The eight S’s of safe snow shoveling –

With a lot more snow headed for southern Manitoba, snow shoveling could be part of your daily chores more than once this week. A health and fitness coordinator from southern Manitoba is offering some helpful tips for keeping safe and eliminating the pain that can be caused by shoveling snow this time of year.

“I think most of us have heard tips and tricks for shoveling show over the years but it is always good to have a little bit of a reminder,” says Jen Hurrie. “Or perhaps shoveling snow was never an issue before but now you are dealing with back pain or things you weren’t dealing with in past years.” 

Hurrie gives us the eight S’s for safe snow shoveling:

1. Shovel – Purchase an ergonomically friendly shovel that is light in weight and curved through the shaft. Grip further down toward the scoop of the shovel to shorten the lifting lever, space your hands approximately one foot apart to balance the load. This will transfer some of the work from you to the shovel.

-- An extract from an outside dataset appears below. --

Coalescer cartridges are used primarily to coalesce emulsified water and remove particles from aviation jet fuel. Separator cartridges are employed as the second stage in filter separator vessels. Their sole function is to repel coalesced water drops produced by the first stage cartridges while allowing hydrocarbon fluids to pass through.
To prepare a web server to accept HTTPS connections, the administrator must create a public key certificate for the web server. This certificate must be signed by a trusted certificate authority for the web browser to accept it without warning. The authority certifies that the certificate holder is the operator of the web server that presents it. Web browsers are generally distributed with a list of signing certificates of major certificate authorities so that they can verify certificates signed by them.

2. Stretch and Warm-up – Warming up your muscles and stretching before heading out to shovel can help prepare the body and minimize injury. Shoveling is a full-body workout so try some squats, lunges, arm circles, and even some wall push-ups to get things moving.

3. Start Early – You do not have to wait until the snow is finished falling. Taking a few inches off at a time will help minimize the load and ultimately make the task easier on your body.

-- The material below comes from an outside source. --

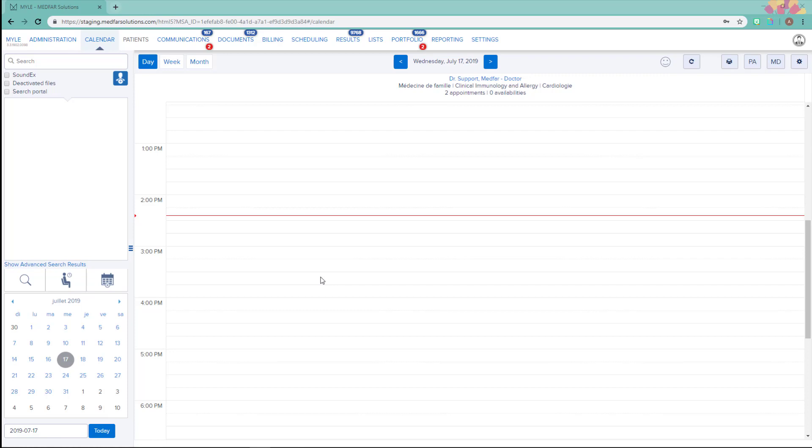In the following video, you will learn to view, print, and import results available in the DSQ directly in MILE.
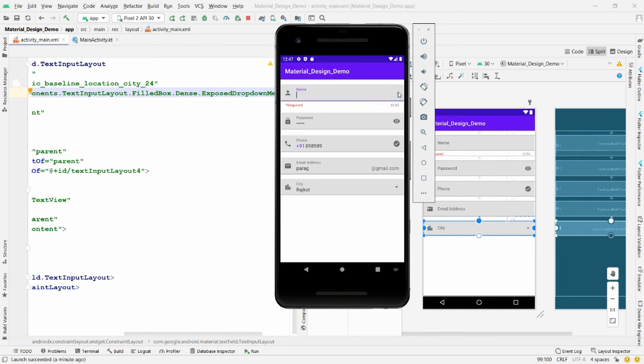This is how you can implement Material Design text fields in Android. If you like this video, please like, share, and subscribe to my channel. Thank you very much and have a nice day.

4. Slow and Small – Take things slow, take breaks, tackle small sections at a time. Listen to your body and take breaks when you need to.

5. Strategy – Push the snow and avoid lifting and twisting as much as possible. Think about the winter ahead and star your piles further back from the edge of your driveway if possible so on future snowfalls you can continue to push instead of lifting heavy loads.

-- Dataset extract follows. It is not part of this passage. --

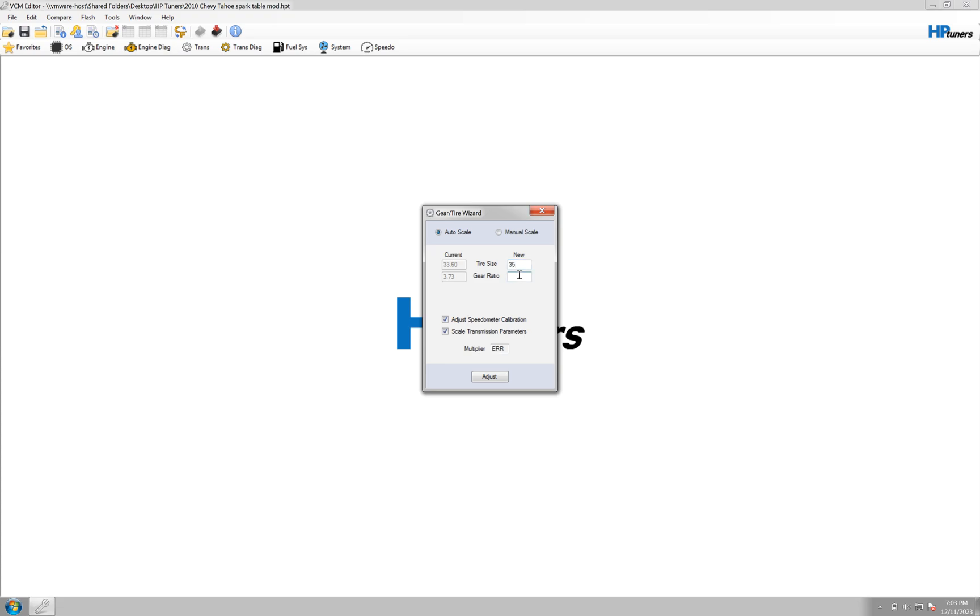If it's the same, you just type in the same number, or you change it to like maybe a 410, or maybe something smaller, 343, whatever it is.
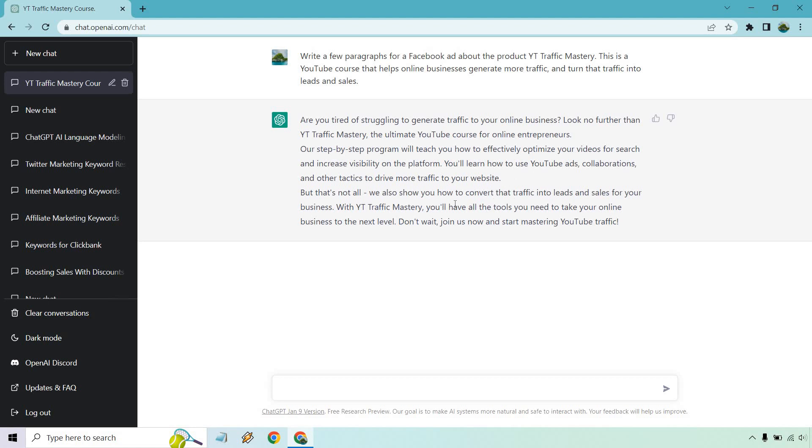So overall, not bad. I think this could definitely be improved. Like if this was going to be an ad you're running, I'd probably make it a little bit more specific. Maybe I'd talk more about the perfect audience that's going to be picking it up. Obviously you can do that with ChatGPT, but overall just wanted to give you a good idea about how you can use ChatGPT for your Facebook ads headlines as well, or just overall body content. If you have any questions, feel free to leave a comment down below. Hope you got some value out of this. My name is James, thank you so much for watching, and I'll see you in my next video.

6. Support – Know your limits and when it is time to call in support from friends, family or community.

7. Sip – Do not forget to hydrate with water. The cold can trick you into thinking you are not thirsty but it is important to replenish fluids during physical tasks like shoveling.

8. Salt and Sand – Using some salt or sand on your walkways can minimize the need for constant shoveling and reduce the risk of slipping.

Hurrie says if you are feeling the effects of shoveling, before reaching for heat or ice consider why it is that you are sore.

“It is likely normal that you’ll feel a bit sore since your muscles are doing something they are not used to doing,” she explains. “You might want to consider a warm bath when you come in from shoveling as well as stretching those muscles out again that you did before you went out. But if you are feeling sore due to muscle strain or acute injury…then you want to consider more ice.”